** Information **
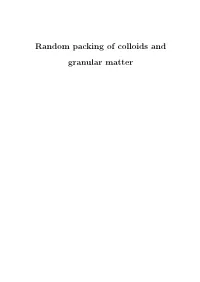 Random Packing of Colloids and Granular Matter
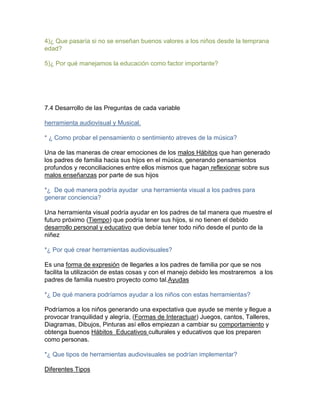 4)¿ Que pasaría si no se enseñan buenos valores a los niños desde la temprana
edad?
5)¿ Por qué manejamos la educación como factor importante?

7.4 Desarrollo de las Preguntas de cada variable
herramienta audiovisual y Musical.
* ¿ Como probar el pensamiento o sentimiento atreves de la música?
Una de las maneras de crear emociones de los malos Hábitos que han generado
los padres de familia hacia sus hijos en el música, generando pensamientos
profundos y reconciliaciones entre ellos mismos que hagan reflexionar sobre sus
malos enseñanzas por parte de sus hijos
*¿ De qué manera podría ayudar una herramienta visual a los padres para
generar conciencia?
Una herramienta visual podría ayudar en los padres de tal manera que muestre el
futuro próximo (Tiempo) que podría tener sus hijos, si no tienen el debido
desarrollo personal y educativo que debía tener todo niño desde el punto de la
niñez
*¿ Por qué crear herramientas audiovisuales?
Es una forma de expresión de llegarles a los padres de familia por que se nos
facilita la utilización de estas cosas y con el manejo debido les mostraremos a los
padres de familia nuestro proyecto como tal.Ayudas
*¿ De qué manera podríamos ayudar a los niños con estas herramientas?
Podríamos a los niños generando una expectativa que ayude se mente y llegue a
provocar tranquilidad y alegría, (Formas de Interactuar) Juegos, cantos, Talleres,
Diagramas, Dibujos, Pinturas así ellos empiezan a cambiar su comportamiento y
obtenga buenos Hábitos Educativos culturales y educativos que los preparen
como personas.
*¿ Que tipos de herramientas audiovisuales se podrían implementar?
Diferentes Tipos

** Requirement **
Please restate word for word the lines of the material above, beginning with the one that holds "profundos y reconciliaciones" and ending with the last.

** Worked solution **
profundos y reconciliaciones entre ellos mismos que hagan reflexionar sobre sus
malos enseñanzas por parte de sus hijos
*¿ De qué manera podría ayudar una herramienta visual a los padres para
generar conciencia?
Una herramienta visual podría ayudar en los padres de tal manera que muestre el
futuro próximo (Tiempo) que podría tener sus hijos, si no tienen el debido
desarrollo personal y educativo que debía tener todo niño desde el punto de la
niñez
*¿ Por qué crear herramientas audiovisuales?
Es una forma de expresión de llegarles a los padres de familia por que se nos
facilita la utilización de estas cosas y con el manejo debido les mostraremos a los
padres de familia nuestro proyecto como tal.Ayudas
*¿ De qué manera podríamos ayudar a los niños con estas herramientas?
Podríamos a los niños generando una expectativa que ayude se mente y llegue a
provocar tranquilidad y alegría, (Formas de Interactuar) Juegos, cantos, Talleres,
Diagramas, Dibujos, Pinturas así ellos empiezan a cambiar su comportamiento y
obtenga buenos Hábitos Educativos culturales y educativos que los preparen
como personas.
*¿ Que tipos de herramientas audiovisuales se podrían implementar?
Diferentes Tipos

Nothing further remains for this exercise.